About this task
Leave out the pictures and repeat exactly the lines from the one containing "Ben Simmons at the Met Gala." through the end of the records.

───── Data for this exercise

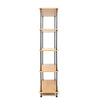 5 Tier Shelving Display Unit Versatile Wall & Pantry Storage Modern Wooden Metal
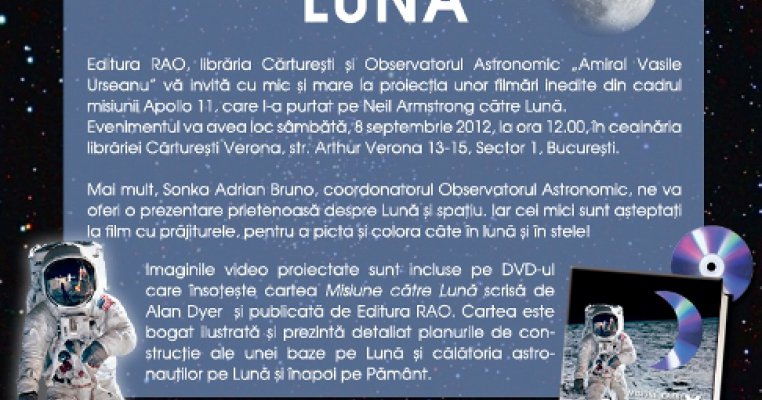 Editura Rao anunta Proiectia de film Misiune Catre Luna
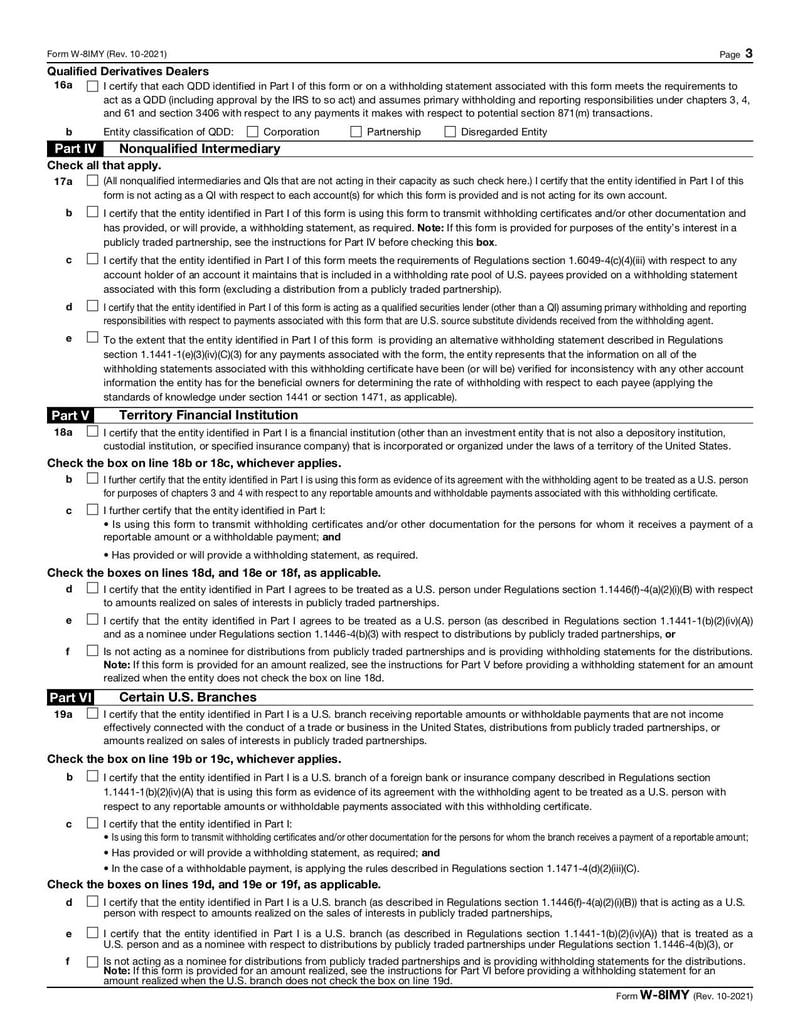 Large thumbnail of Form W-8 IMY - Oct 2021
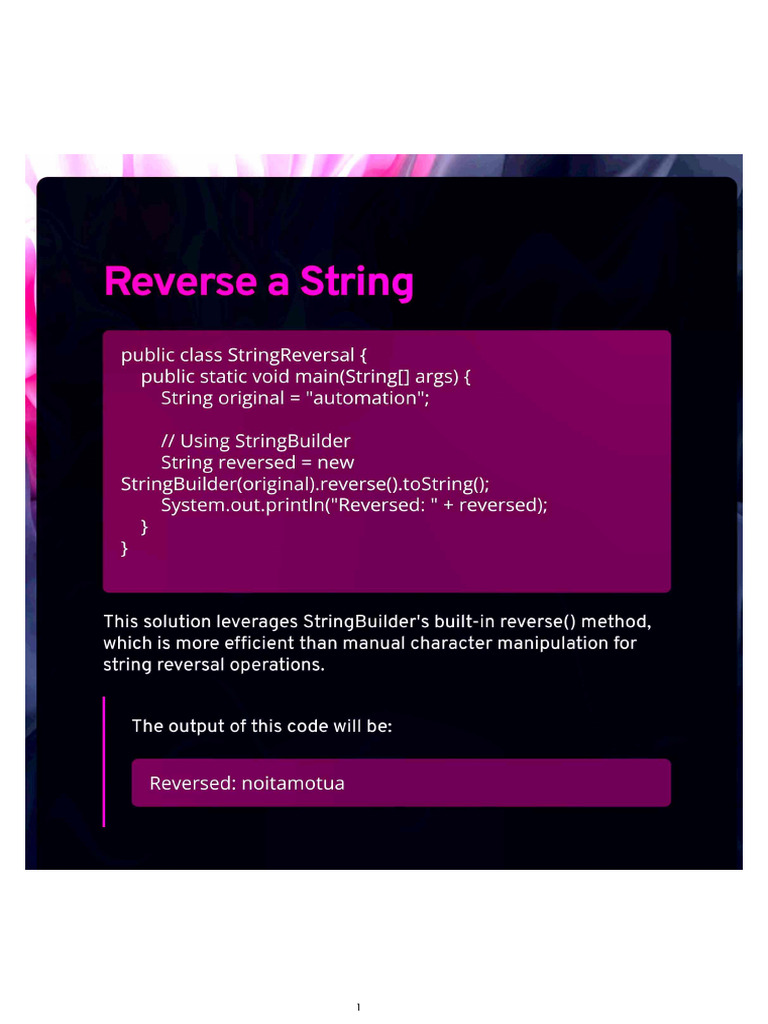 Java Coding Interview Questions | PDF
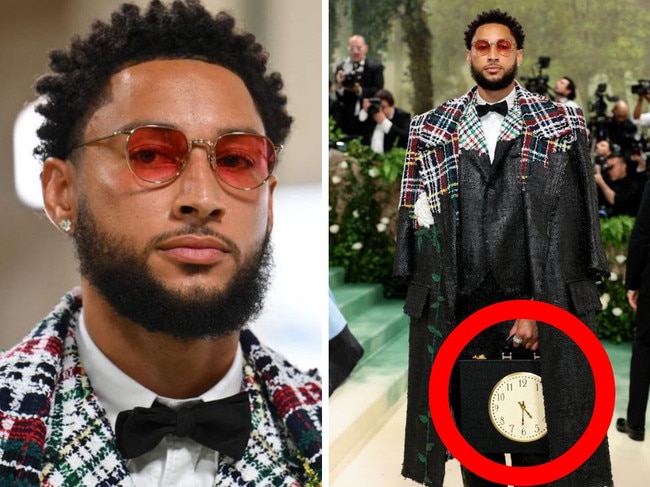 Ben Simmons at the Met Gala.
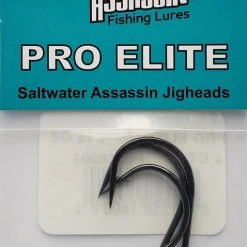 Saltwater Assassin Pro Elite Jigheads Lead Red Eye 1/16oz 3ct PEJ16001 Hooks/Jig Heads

──────────

Response area
 Ben Simmons at the Met Gala.
 Saltwater Assassin Pro Elite Jigheads Lead Red Eye 1/16oz 3ct PEJ16001 Hooks/Jig Heads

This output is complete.